When I set up a Xen DomU I generally use /dev/hda for the root filesystem and /dev/hdb for swap. So if the machine is performing poorly and /dev/hdb ([3:40]) is being accessed excessively then it indicates that the machine has some memory hungry programs running and is paging heavily.
xm list --long
xm list --long [domain] gives detailed information on all domains, or it can be run with the name of a domain such as xm list --long wind to give the detailed information on only one domain. Generally this is something that you will log to a disk file before restarting domains, in the short-term there is little use for this.

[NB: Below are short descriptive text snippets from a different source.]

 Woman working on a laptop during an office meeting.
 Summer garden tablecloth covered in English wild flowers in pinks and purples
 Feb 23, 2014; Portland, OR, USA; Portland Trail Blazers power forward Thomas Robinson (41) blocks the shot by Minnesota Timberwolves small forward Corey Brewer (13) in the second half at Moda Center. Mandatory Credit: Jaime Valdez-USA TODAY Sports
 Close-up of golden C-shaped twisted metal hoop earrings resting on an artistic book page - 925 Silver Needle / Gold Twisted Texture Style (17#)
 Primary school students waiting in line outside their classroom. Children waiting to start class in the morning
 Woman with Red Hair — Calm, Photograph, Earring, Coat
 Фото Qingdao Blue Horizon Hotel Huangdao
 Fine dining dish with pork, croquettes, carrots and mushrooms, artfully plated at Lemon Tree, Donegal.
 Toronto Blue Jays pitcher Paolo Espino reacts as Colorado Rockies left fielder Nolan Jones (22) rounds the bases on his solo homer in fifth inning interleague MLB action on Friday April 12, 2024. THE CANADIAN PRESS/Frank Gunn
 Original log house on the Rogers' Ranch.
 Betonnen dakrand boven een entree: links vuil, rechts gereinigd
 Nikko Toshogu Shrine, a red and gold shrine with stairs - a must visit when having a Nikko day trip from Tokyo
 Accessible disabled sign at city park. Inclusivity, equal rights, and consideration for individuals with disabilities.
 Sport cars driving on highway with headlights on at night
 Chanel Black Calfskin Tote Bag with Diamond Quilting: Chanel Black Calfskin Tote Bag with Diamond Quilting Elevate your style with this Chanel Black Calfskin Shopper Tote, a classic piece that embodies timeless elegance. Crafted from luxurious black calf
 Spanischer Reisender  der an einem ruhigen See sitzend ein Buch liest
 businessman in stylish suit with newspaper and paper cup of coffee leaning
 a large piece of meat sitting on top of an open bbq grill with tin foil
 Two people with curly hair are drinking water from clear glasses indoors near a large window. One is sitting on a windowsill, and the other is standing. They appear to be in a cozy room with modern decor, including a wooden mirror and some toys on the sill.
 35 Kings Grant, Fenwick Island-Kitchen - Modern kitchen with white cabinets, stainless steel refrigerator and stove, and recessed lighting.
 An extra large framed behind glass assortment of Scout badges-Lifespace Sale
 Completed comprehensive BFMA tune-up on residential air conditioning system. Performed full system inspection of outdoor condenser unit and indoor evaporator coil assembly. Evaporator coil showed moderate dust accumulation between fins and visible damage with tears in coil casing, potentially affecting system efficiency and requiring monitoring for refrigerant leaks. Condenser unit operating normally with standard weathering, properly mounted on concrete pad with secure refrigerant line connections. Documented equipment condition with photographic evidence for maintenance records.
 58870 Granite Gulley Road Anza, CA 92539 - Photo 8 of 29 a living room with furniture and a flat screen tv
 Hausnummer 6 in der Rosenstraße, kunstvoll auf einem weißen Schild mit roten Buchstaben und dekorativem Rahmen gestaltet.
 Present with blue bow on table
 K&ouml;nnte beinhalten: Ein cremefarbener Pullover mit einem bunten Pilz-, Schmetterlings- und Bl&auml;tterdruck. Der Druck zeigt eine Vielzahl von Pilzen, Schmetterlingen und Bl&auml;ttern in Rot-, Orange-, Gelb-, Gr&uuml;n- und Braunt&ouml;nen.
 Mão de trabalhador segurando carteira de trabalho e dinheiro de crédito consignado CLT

xm console <domain> gives you the console of a domain. If a domain is not working correctly and it is impossible to login via ssh (either due to a network problem or a problem with ssh) then you can access the console (equivalent to a serial-port login on physical hardware) to diagnose the problem. Often the kernel will log messages to the console, such messages will be stored by the Xen system until they are read. If you suspect that there may be many such messages then use script(1) to log the output to disk, if you are unsure then use script to make sure that you don’t miss any data. Even if you don’t understand it the sys-admin probably will!
If the system is half-working then you can login as root to investigate problems. You can escape from the console by pressing CTRL-].
xm dmesg gives Xen logging data comparable to the dmesg command in Linux. If you ever have to reboot the machine (run reboot from Dom0) due to a problem with Xen then you MUST save the output of xm dmesg to a file for later review by the sys-admin.
xm destroy <domain> will kill a specified domain. It’s a last resort for stopping a domain that is not working correctly – it is greatly preferrable to login to the domain via ssh or xm console and give an orderly shutdown.
xm create [-c] <domain> creates a new domain. The configuration for the domain will be taken from a file of the same name in the current directory or in the /etc/xen directory – if /etc/xen is not the current directory when you run xm create then make sure that there is no file-name conflict. You can use this command after destroying a domain or to start a domain that was not previously run.
If you want to change a configuration option of a domain (such as the amount of RAM used) then the usual procedure is to edit the configuration file, run halt or shutdown from within the domain, and then create the domain again with xm create. Note that the -c option is used to attach to the console after starting the domain (you usually want to do this).
I will probably update this post when I get some feedback. I may write more posts of a similar nature if there are requests.